- WHAT YOU ARE ASKED TO DO: Copy exactly the line containing "Bed in Inapan Taman Herba" and each line after it to the end of the listing, and output nothing else.

════════

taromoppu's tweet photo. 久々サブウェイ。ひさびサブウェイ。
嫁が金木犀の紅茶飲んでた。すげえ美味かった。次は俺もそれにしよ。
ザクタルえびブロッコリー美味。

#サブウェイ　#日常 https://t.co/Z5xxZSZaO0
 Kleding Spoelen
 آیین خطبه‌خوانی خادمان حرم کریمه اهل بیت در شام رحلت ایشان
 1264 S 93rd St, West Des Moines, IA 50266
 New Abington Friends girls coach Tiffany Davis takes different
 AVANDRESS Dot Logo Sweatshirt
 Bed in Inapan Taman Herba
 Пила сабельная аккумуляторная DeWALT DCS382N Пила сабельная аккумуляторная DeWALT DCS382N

════════

- EXPECTED ANSWER:
 Bed in Inapan Taman Herba
 Пила сабельная аккумуляторная DeWALT DCS382N Пила сабельная аккумуляторная DeWALT DCS382N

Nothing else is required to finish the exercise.